I remember as a little girl, I always loved the movie Pollyanna. Briefly summarized, the movie (based on a novel) is the story of a young orphan girl living in the early 1900’s. Despite her painful and broken past, she decides to approach life with the mindset of taking difficult circumstances, and turning them into something good by having a positive attitude. She was always adamant and determined to find the joy in the present and press onward. She would play a game called “The Glad Game.” When she was confronted with something negative, she would flip the mood and find something that she could be glad about instead.
I haven’t seen the movie in years, but I remember that theme always standing out to me. My mom would encourage my siblings and I to do the same. When my 7-year-old self was tempted to complain about not having mac-n-cheese (the best food in the whole world) for lunch, she would stop me saying, “Wait! Glad game! What’s something you can be thankful for instead?”
Hm. What a simple concept; overlook the bad and replace it with something good. Easy, right?
Fast-forwarding ahead several years, I joined a girls’ bible study in early 2017, studying the book “One Thousand Gifts.” The first day, we went over this funny sounding Greek word, “Eucharisteo.” The word is εὐχαριστέω in its authentic form, and the translation of the word breaks down into the following Greek root:
Chara, being a crucial root to the word Eucharisteo implies that joy AND thanksgiving are necessary in order to create the final simplified meaning:
1. to be or feel grateful; to give thanks.

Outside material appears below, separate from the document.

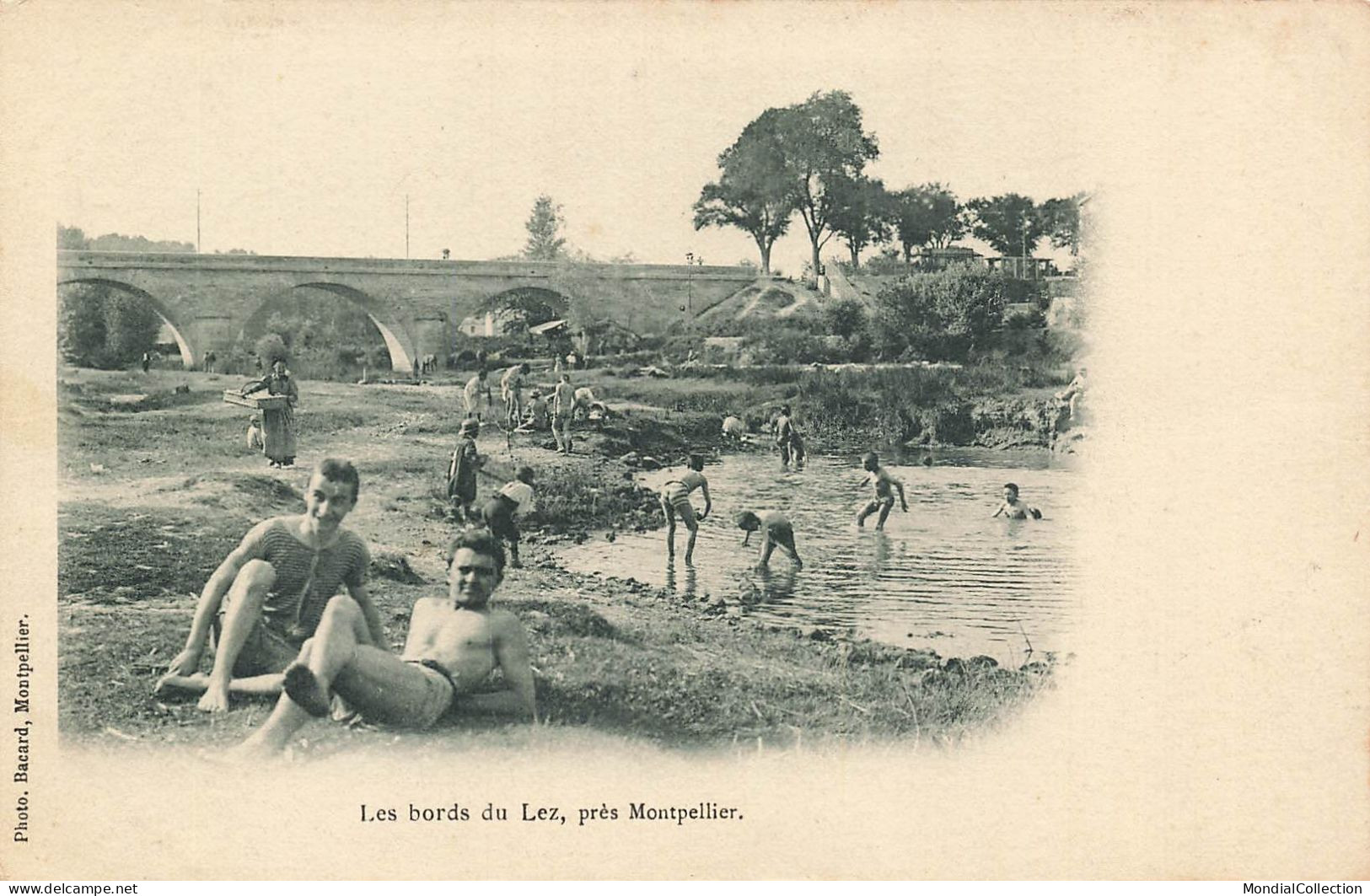 MIKII-0781 34 CASTELNAU LE LEZ LES BORDS DU LEZ BAIGNEURS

I remember this word standing out so much when I heard it.
And then I had a thought…
Why, WHY is it so hard for people to live this word out?
Living as 21st Century Americans, the amount of negativity, ingratitude, and complaint that surrounds us in this culture is overwhelming.
Going through this study opened my heart in so many ways. I was personally convicted of the tendency I have to be ungrateful over both big and small things, forgetting all too quickly the blessings that were RIGHT in front of me! Instead, my selfish heart only desires more things of the flesh.
Through the study, I learned a lot about what it means to pursue Christ; a main takeaway being that in order to live a life fully committed to Christ, it is paramount that eucharisteo becomes not just an occasional action or feeling, but instead, the epitome of our lifestyle.
“Give thanks in all circumstances; for this is the will of God in Christ Jesus for you.”
We are a body of believers called to give thanks to the Lord in EVERY situation.
A simple, practical challenge that the girls in the bible study and I did to incorporate this into our lifestyle was to take blank journals and each day write down three things we’re thankful for, from small things like Dunkin’ Donuts coffee, to large things like the influential role models in our lives. I was shocked at how taking five minutes to do this each day completely changed my attitude for the whole day. Days I felt like complaining, the Lord instead used to show me His goodness and grace.
As I continue to learn and grow, I continue to realize how essential it is to practice Eucharisteo (that is, combining joy and thankfulness). Offering our gratitude to the Lord IS indeed the Christian’s response to the gift of salvation that the Lord has bestowed upon us.
Upon receiving salvation, we are no longer lost or wandering. It is then that we are His; His redeemed, chosen ones, and the very least we can do in response to this gift is incorporate this act of eucharisteo into our daily lives.
This reminder absolutely wrecked my world. Often, especially in today’s culture, it becomes all too simple to glance over all of the blessings poured upon us, without the slightest bit of gratitude or prayer of praise to the Lord.
The truth is that we don’t deserve any of the good in this world; not our life, our family, our friends, our home. None of it. Yet the Lord is gracious enough to give us blessings like these anyways, his SON most of all! If nothing else, the gift of my salvation is reason enough to turn a grumpy mood into a joyful one… the simple reminder of the fact that we are here, living and breathing as redeemed people in Christ. Hallelujah, all I have is Christ!